Déçus. Huitième album depuis l’éponyme Lana Del Rey A.K.A. Lizzy Grant (2010) pour la chanteuse et compositrice américaine, Lana Del Rey. Rock Candy Sweet, le neuvième, suivra en juin 2021. En attendant, on peut déguster les 11 morceaux de ce très beau Chemtrails over the Country Club, qui s’ouvre sur White Dress, un titre où Lana Del Rey joue parfaitement de sa voix, appuyée par un piano doux et aérien. On a aussi beaucoup aimé Tulsa Jesus Freak, lové dans un univers trip-hop cotonneux.

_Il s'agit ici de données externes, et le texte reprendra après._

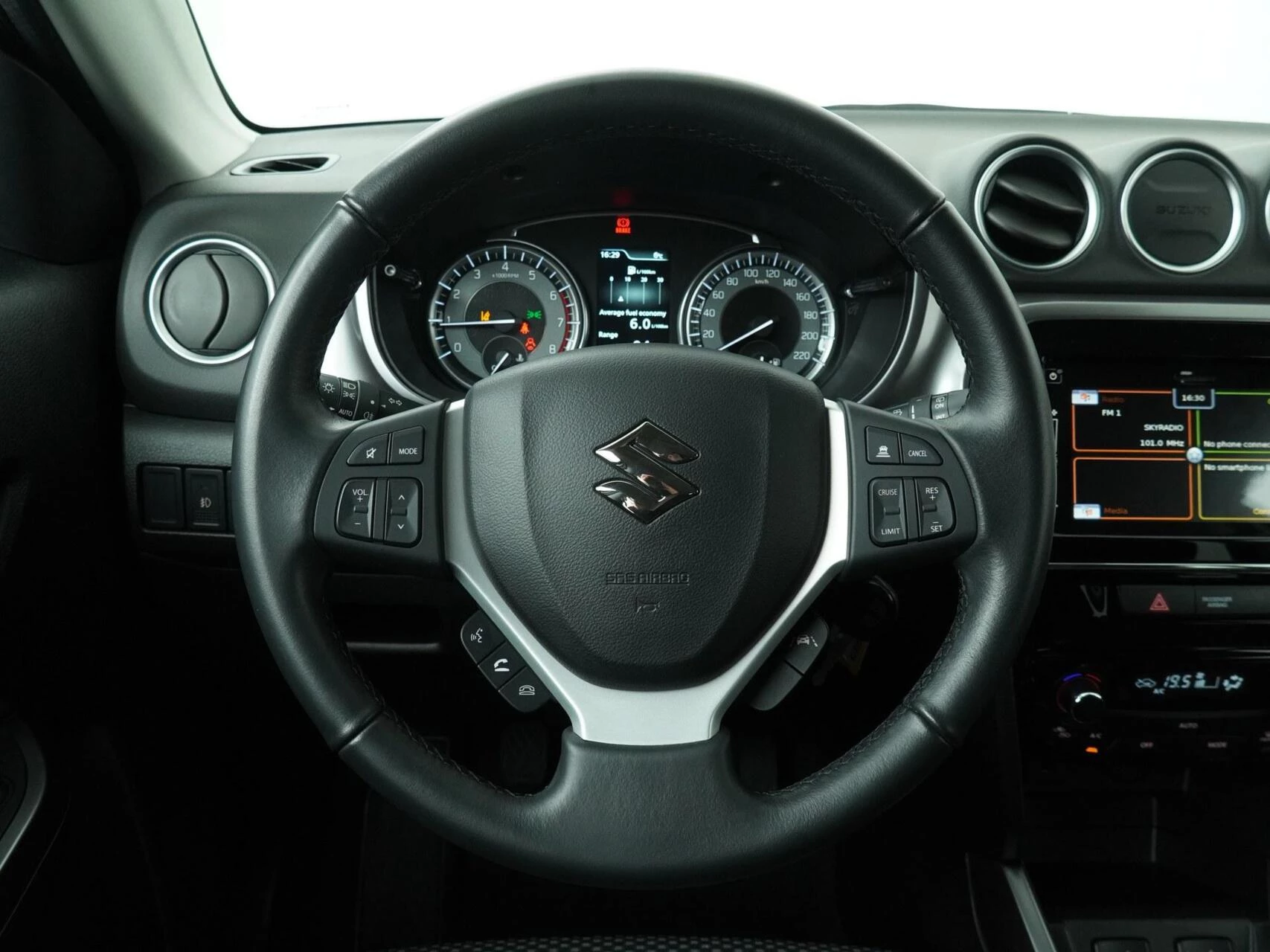 Hoofdafbeelding Suzuki Vitara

Globalement peu présente dans ce disque, la figure de l’homme est délaissée au profit d’un vibrant Let Me Love You Like A Woman. D’ailleurs, les autres voix de cet album sont féminines, avec Zella Day et Weyes Blood sur For Free, et la chanteuse country Nikki Lane sur Breaking Up Slowly. Sombre et sensuelle sur Dark But Just A Game, Lana Del Rey chante et personnifie toujours aussi bien la mélancolie et les amours déçus.

Chemtrails over the Country Club, Lana Del Rey (Polydor/Universal), 15,99 euros (CD), 21,99 euros (vinyle).